To maximize patient care; the use of medications should be rational, evidence-based, safe, clinically appropriate and cost-effective [59]. Cost-effectiveness analysis (CEA) is a type of economic evaluation that uses natural health units as measurement of outcomes such as life years gained, avoided deterioration or symptom-free days [60]. For the comparator interventions total costs and total benefits are measured to calculate the average cost-effectiveness ratio; mean value of costs divided by mean value of effect, to consider which intervention is worth to pay for [24]. In this study, where a difference in the effectiveness was proven; it gave us the chance to perform CEA in terms of costs versus benefit to determine which treatment is the most cost effective. The results of this study showed that betamethasone is the most cost-effective medication although it was slightly of higher price compared to dexamethasone. The slight increase in the price was for by the greater difference in effect However, a meta-analysis conducted in 2021 [61], found that both dexamethasone and betamethasone have comparable efficacy in treating neonatal-relevant outcomes for women with risk of preterm birth unlike our study, furthermore dexamethasone is much more cheaper making it the cost-effective choice when used in preterm birth. Another study performed in 2012 [62], showed that dexamethasone was more cost-effective than prednisone in the treatment of pediatric asthma exacerbations with total savings of $3500 and decreased number of emergency department visits and hospital admissions. This finding is consistent with the results of our study that dexamethasone is a more cost-effective choice than prednisolone in terms of costs and benefits.

Limitations of this study include being short termed, single center and the lack of quality-of-life assessment. In addition, intramuscular and intravenous injections, despite being more effective, are not favored by patients.

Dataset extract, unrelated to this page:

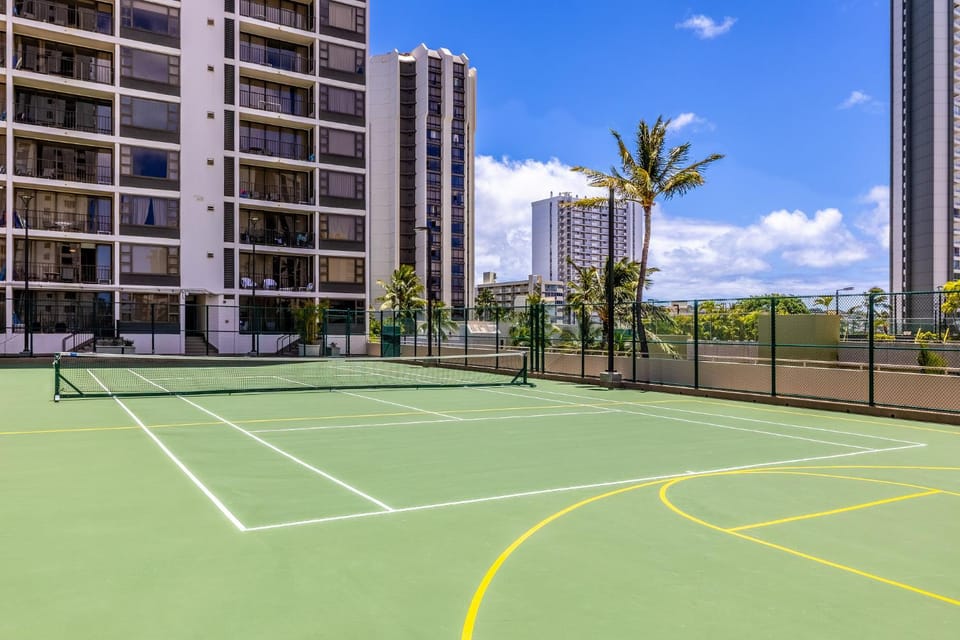 Spacious Waikiki Getaway 2208T2 Apartment in Honolulu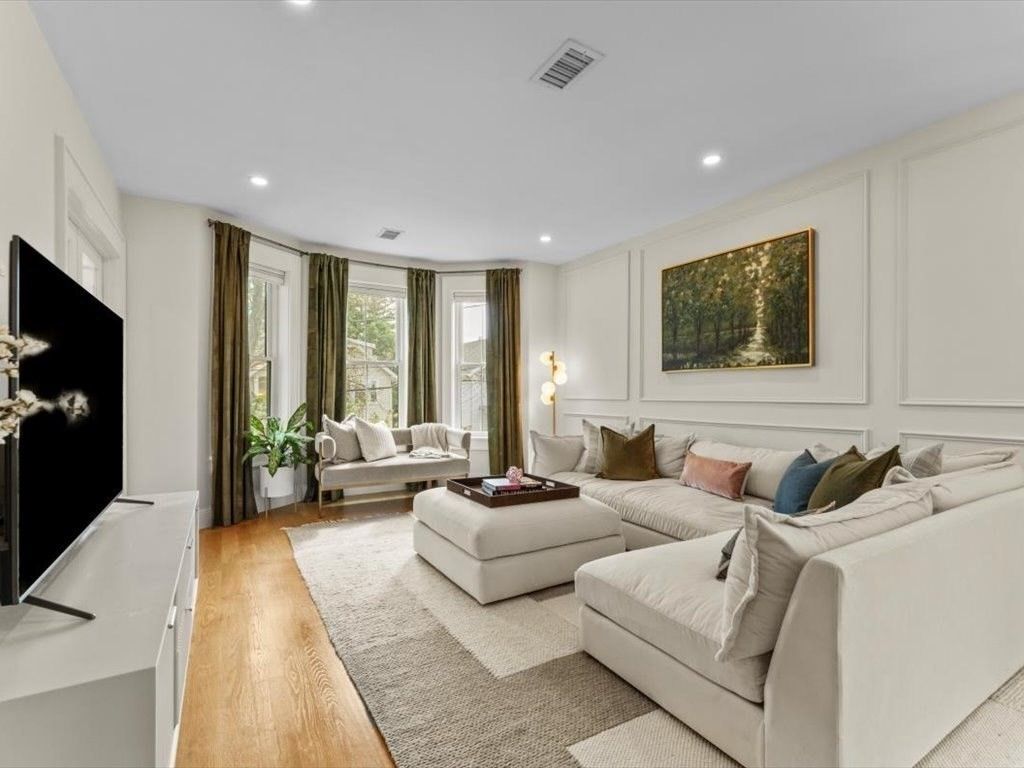 Interior, Living room, Recessed Lighting, Wood Texture Flooring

Another limitation was the lack of modelling variability in the cost-effectiveness analysis which may have an impact on the interpretation. Therefore. longer term trials on HP and other types of ILDs response to different corticosteroids might be useful along with investigating the reason behind the difference in the patients’ response to variable corticosteroids.

Conclusion

In summary, this study has shed light on the importance of the role of inflammatory biomarkers as KL-6 in diagnosis of hypersensitivity pneumonitis and consequently the monitoring of therapeutic effect of the used medications for the treatment of HP. Both betamethasone and dexamethasone have shown to be more effective than prednisolone in terms of reduction in KL-6 and hence improvement in the inflammatory reaction and clinical features of HP patients. However, the three investigated corticosteroids had a comparable effect on the change in pulmonary function tests as FEV1, FVC, 6MWD and percentage of oxygen desaturation. The three corticosteroids had a comparable satisfactory safety profile with no significant elevation in blood glucose levels, blood pressure or liver enzymes. Moreover, CEA was conducted where the direct costs were compared to the change in KL-6 levels in the three treatment groups. The resulting ICERs have proved that both betamethasone and dexamethasone are more cost-effective than prednisolone. The latter result offers more benefit to HP patients as they will pay less money for better improvement in their conditions.